Had a good experience with K2 customer service. 

Wife had a good one with Never Summer.


----------



## hanzosteel (Oct 7, 2009)

Snowboarding101 said:


> To add to your list I would have to say Burton, yeah I know I must be a nazi or something because I like Burton, but they make quality stuff.


i'll stand behind you on burton. haven't had luck with their bindings, but everything else is tight. best range of products and price points, period. with the volume they sell, defects are expected. i'd be more interested in failure rates normalized for volume. companies don't last this long and become this successful soley because of marketing and business saavy - clearly there's decent quality year after year behind it too. but, it's just a matter of time before they self-destruct - like any other corporation that grows too big for it's industry. let's see where these cooler, upstart companies that rely on their 'core' image and big name riders are in 5 years.
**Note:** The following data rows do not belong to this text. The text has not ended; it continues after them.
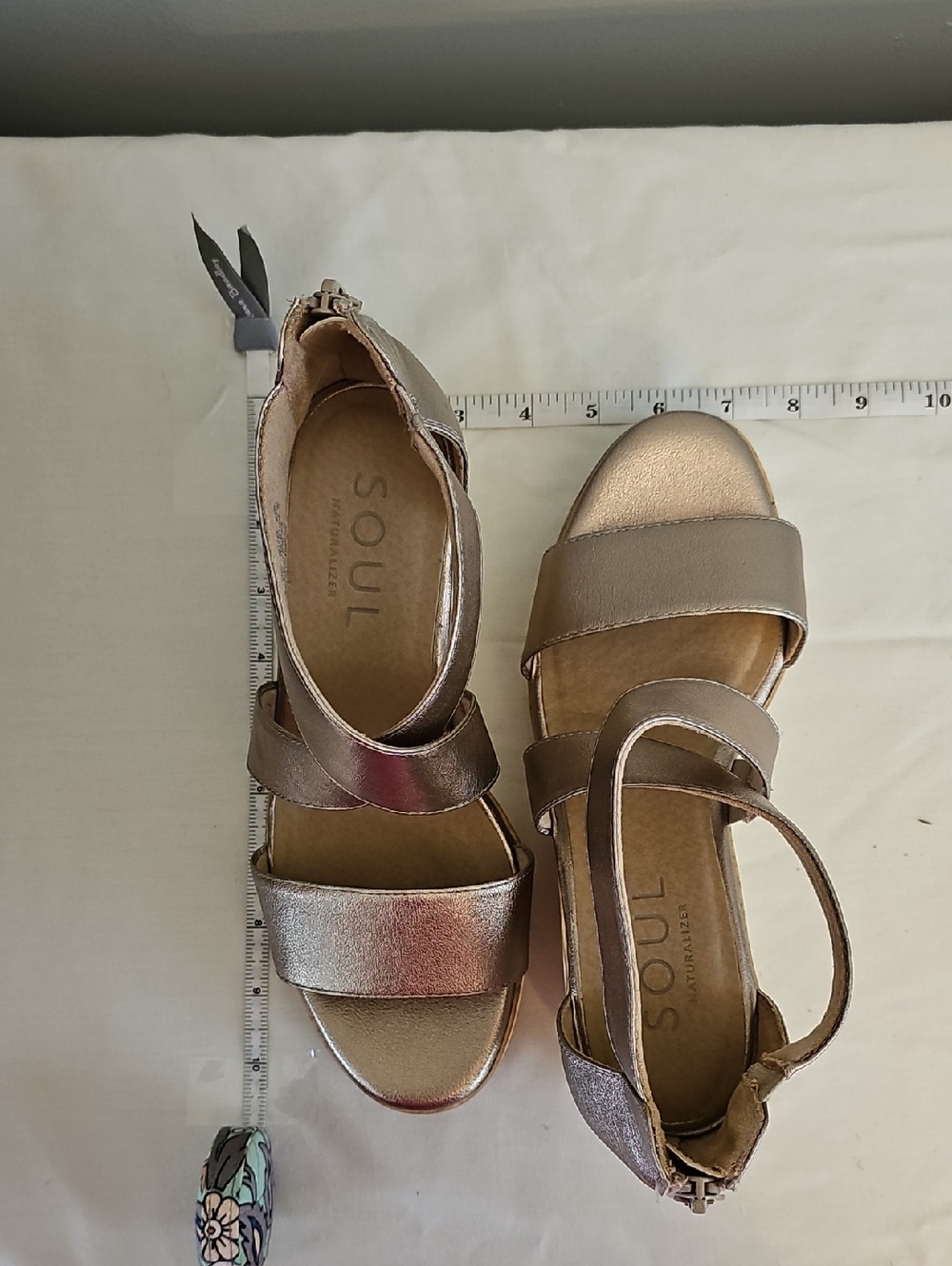 SOUL Naturalizer Metallic Multi-Strap Sandals - Rose Gold Tone 8W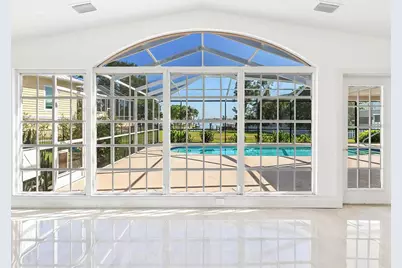 396 Bayshore Drive, Venice, FL 34285 - Photo 17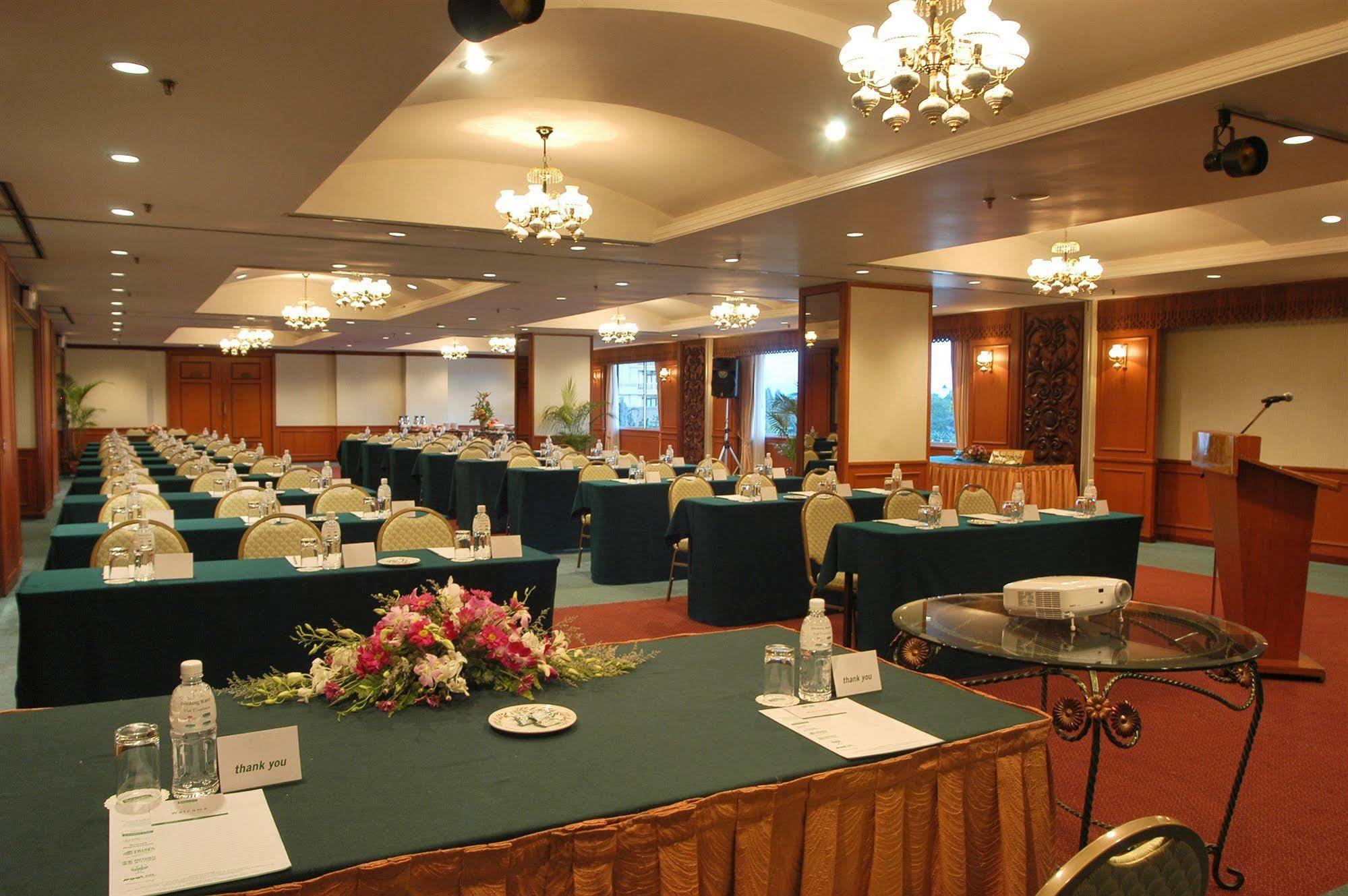 Grand Margherita Hotel Kuching Exterior foto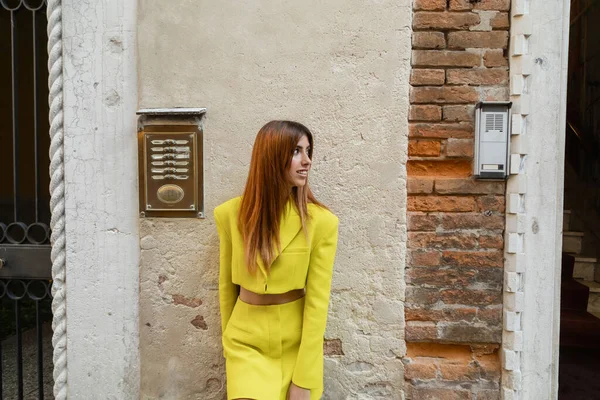 Redhead Woman Yellow Suit Smiling Looking Away Building Venice — Stock Photo, Image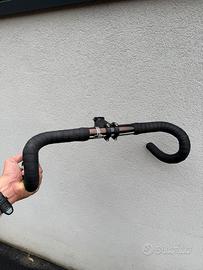 Attacco manubrio e manubrio cannondale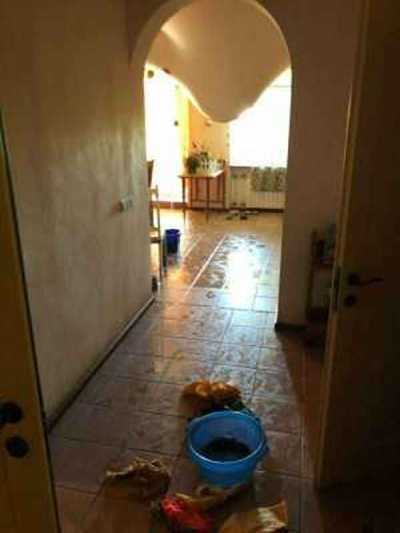 Слив воды с натяжного потолка - фото 2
i swear by nitro, salomon and oakley for the same reasons. so far, rome bindings are hard to beat for me, but i've got no experience with their other gear.


----------



## Guest (Dec 16, 2009)

hanzosteel said:


> let's see where these cooler, upstart companies that rely on their 'core' image and big name riders are in 5 years.


Yeah for sure.


----------



## Guest (Dec 17, 2009)

i have had amazing support from rome myself with bindings and boards , as well as with atomic.


----------



## tschamp20 (Nov 2, 2009)

MunkySpunk said:


> Had a good experience with K2 customer service.
> 
> Wife had a good one with Never Summer.


your married?holy shit the worlds coming to a fiery end.


----------